Other possibilities include hitting missile launch sites, bases or other assets belonging to the Islamic Revolutionary Guard Corps, the elite Iranian military unit blamed for much of Iran’s paramilitary operations against adversaries outside of the country.
Unlike the president’s claim on Monday that the U.S. military is essentially a mercenary force sold to the highest bidder on the Arabian peninsula, NBC reports that the administration is considering a plan in which the Saudi military would strike Iran, with U.S. forces staying at a proxy distance. To be clear, the report indicates that military action is not imminent and that “no decision has been made.” And even if the president decides to target Iran, he could revoke his decision, as he did in June, when Trump called off a retaliatory strike following the downing of an American drone while planes were in the air.

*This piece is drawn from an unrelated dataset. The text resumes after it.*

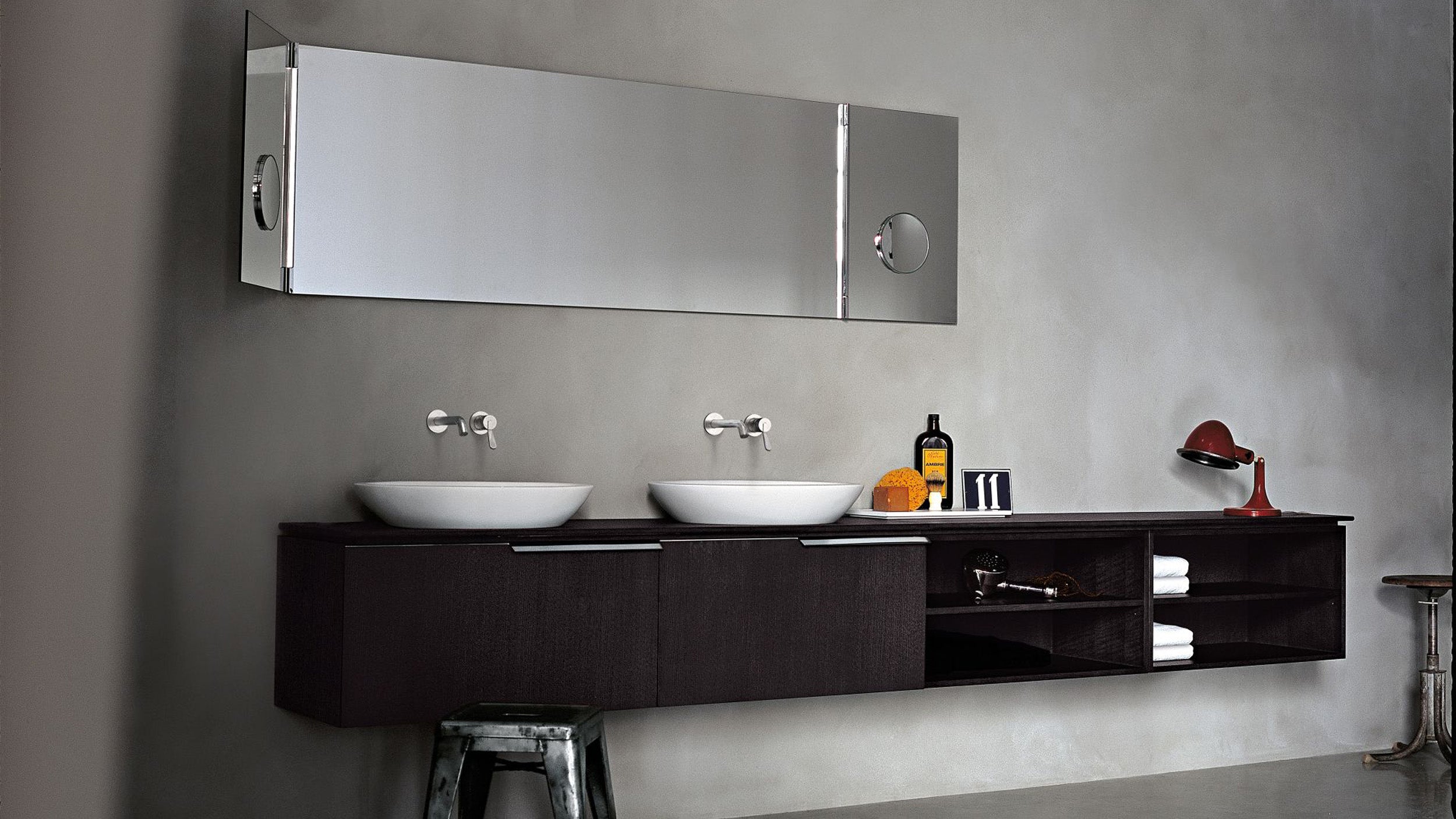Desktop / Flat X, designed by Benedini Associati for Agape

Despite the president’s “locked and loaded” posturing, it appears that he is still reluctant to directly engage Iran. In a report from Politico on Tuesday, Trump does not want military action, as it conflicts with his “campaign vows to reduce foreign entanglements.” But a campaign pledge has never stopped the president before; a more pressing matter he is considering involves a possible recession caused by an Iran conflict hurting his chances at reelection.
On Monday afternoon, Trump mused: “Do I want war? I don’t want war with anybody. I’m somebody that would like not to have war.” Thankfully, most Americans agree: In a Gallup poll from August, 78 percent of citizens prefer “economic/diplomatic” measures to military ones. At the same time, Trump — ever the mixed messenger — said Monday that “we’re prepared more than anybody.”